Tuesday, April 1, 2008

Indian Stock Market News Round up - More bad news from Global Banks!!

The Indian Market did not do well yesterday and is volatile today. And to add to the misery global banks have again come out with fresh package of bad news that is sure to affect the market sentiment world wide.

Major head line news item is UBS writing down whopping 19 billion dollars!! Here is the snippet from one of the websites

UBS AG wrote down an additional $19 billion on U.S. real estate and related assets on Tuesday, causing a net loss of 12 billion Swiss francs ($12.03 billion) in the first quarter, and said it would seek 15 billion francs through a rights issue of shares.

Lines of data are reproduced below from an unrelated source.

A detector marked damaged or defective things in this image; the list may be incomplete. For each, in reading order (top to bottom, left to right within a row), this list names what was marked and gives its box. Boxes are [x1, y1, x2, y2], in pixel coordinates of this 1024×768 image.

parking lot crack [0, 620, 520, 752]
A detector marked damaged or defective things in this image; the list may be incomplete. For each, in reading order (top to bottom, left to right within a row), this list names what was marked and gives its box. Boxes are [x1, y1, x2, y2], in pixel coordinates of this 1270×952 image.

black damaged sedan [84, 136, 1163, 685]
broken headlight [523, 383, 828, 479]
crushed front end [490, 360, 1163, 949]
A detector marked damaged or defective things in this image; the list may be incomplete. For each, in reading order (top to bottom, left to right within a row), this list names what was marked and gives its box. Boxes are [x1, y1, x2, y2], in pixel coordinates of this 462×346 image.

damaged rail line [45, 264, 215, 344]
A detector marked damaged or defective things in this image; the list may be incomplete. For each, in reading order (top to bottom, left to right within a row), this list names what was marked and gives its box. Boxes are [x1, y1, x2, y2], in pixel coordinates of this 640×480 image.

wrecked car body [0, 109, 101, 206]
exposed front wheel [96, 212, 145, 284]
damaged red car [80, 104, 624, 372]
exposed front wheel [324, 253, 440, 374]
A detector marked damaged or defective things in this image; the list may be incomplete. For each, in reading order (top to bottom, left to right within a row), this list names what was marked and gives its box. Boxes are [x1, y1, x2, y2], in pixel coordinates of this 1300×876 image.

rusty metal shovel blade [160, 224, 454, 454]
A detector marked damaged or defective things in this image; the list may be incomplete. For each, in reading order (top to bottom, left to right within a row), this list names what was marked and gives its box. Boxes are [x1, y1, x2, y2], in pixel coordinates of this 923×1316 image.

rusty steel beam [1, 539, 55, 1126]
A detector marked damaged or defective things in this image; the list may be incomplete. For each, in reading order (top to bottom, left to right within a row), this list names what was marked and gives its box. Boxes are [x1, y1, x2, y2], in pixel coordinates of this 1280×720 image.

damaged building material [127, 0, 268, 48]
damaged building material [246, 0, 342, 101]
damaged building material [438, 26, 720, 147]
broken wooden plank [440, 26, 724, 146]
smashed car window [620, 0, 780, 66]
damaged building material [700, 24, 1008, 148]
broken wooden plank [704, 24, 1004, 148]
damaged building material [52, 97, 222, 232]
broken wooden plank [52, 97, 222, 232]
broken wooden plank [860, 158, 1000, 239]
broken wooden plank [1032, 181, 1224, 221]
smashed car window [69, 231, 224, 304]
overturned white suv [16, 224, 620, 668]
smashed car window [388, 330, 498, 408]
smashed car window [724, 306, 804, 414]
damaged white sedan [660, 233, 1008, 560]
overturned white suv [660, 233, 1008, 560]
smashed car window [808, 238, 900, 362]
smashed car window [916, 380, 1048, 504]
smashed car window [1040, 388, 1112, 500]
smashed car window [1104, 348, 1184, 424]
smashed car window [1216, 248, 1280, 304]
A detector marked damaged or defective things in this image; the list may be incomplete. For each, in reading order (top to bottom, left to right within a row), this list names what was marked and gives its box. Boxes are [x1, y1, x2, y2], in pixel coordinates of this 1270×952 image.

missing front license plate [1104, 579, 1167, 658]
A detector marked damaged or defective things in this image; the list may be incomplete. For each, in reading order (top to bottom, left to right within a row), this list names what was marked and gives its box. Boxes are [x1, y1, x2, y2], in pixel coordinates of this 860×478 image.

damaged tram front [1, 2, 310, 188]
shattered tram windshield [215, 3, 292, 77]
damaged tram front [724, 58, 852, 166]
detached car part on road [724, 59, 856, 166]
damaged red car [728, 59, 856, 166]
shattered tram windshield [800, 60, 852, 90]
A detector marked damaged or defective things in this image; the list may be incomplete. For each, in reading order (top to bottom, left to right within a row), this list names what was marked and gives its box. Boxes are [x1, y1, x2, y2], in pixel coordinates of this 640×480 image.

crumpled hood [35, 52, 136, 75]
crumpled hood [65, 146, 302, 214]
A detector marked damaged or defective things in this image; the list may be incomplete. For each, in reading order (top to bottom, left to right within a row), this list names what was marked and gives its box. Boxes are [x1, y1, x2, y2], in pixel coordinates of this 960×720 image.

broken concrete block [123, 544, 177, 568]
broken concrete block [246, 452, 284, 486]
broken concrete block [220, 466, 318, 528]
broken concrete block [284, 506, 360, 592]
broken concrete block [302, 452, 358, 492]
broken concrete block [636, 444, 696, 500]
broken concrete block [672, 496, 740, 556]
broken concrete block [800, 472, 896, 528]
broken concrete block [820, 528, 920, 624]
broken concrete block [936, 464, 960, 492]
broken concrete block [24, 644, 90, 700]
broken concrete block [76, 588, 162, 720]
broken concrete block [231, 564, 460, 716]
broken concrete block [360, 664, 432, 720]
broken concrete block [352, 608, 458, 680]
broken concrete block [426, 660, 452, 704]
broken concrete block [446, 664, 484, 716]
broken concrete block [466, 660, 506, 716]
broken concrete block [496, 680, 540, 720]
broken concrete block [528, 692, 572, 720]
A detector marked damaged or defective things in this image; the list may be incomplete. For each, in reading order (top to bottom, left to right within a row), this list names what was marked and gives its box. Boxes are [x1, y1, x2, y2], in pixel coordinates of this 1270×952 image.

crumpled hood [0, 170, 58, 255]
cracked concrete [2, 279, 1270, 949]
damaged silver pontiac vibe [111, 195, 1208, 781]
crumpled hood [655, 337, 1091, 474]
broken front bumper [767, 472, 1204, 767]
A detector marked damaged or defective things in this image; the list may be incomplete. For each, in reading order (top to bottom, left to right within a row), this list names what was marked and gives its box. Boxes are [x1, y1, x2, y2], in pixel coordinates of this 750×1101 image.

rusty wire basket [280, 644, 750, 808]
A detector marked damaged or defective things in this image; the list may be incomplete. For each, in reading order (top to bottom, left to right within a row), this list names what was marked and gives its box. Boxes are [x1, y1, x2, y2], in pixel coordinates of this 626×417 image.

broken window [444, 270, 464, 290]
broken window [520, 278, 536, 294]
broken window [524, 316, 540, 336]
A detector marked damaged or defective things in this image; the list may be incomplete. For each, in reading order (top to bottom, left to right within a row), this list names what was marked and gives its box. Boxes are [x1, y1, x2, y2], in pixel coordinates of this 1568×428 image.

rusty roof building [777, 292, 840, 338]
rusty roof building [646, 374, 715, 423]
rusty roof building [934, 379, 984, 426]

The writedowns come at the upper end of expectations and on top of $18.4 billion in damage caused by the subprime crisis last year, which had already forced the bank to ask shareholder approval for 19 billion francs in capital-raising measures in February
Another news item that caught my eye today and which sounded so nonsensical and funny was this -
Day traders would abstain from trading on Tuesday to protest the Budget proposal on Securities Transaction Tax (STT), which would make their activity in the stock market unattractive.
But this one is definitely worth reading and is a positive move as far as I am concerned.
On the heels of rising inflation and slackening industrial output comes the latest change in accounting norms, requiring Indian companies to disclose losses arising out of derivative contracts.

The market is clueless as to how many companies have signed such deals. But that has only added to the already long list of worries; nobody knows which company may throw up a nasty surprise in its fourth-quarter numbers. Still, the dominant concern at the moment is inflation, which has now climbed to a 13-month high.